I see news from yesterday evening that Blockbuster finally bought out Movielink, a movie download service created by five of the major studios in an attempt to offer consumers a legal alternative to downloading movies without resorting to piracy.
This puts Blockbuster in direct competition with Netflix for movie downloads in addition to by-mail rental, but I think neither company really "gets" it, and here's why: people pirate movies and TV shows through file sharing networks not because online downloading is their new preferred method for getting content, it's because when they download pirated booty, they get it for free.
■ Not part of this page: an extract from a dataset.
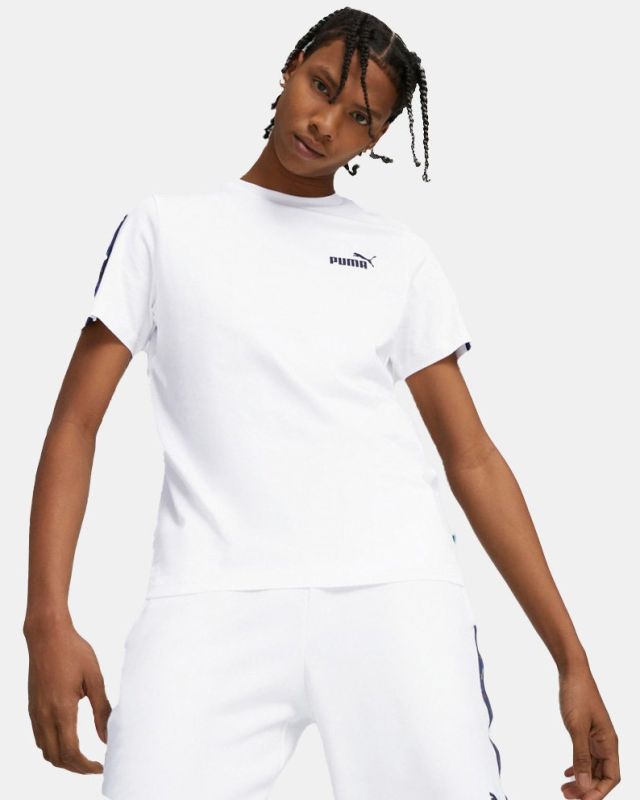 Product: PUMA - T shirt girocollo da uomo bianca con stampa logo laterale colorata (1 of 4)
It really is as simple as that. This is not a new venue for getting movies quicker. I'm not aware of any service that actually allows you to download DVD quality films, they are all fairly well compressed and tightly wrapped in DRM that doesn't allow you to copy and burn anything you've purchased. This is about people who want to get this stuff for free, and file sharing was invented to make it happen.
Period.
People will not flock to slick new Video on Demand services because they'll still cost money. They'll take a look at that, and at one of the big BitTorrent trackers, and they'll get it through BT because it's free, and probably faster too. Plus no DRM. Commercial VoD will not be able to compete or even act as a fall-back/alternative to illicit file trading unless they drop DRM altogether, up the video quality to that of a very solid DVD-rip, and make it extremely cheap since all you're buying are bytes sent over the wire.
Sure, both Netflix and Blockbuster will try and are trying now, but lets be honest about this - Netflix did it so they'd have something unique to offer over Blockbuster, and Blockbuster is doing it to continue competing with Netflix. Neither of them get it, neither of them care about what you want, and until they do, they won't make a dent in file sharing or be able to build their businesses on the back of a new distribution channel for films.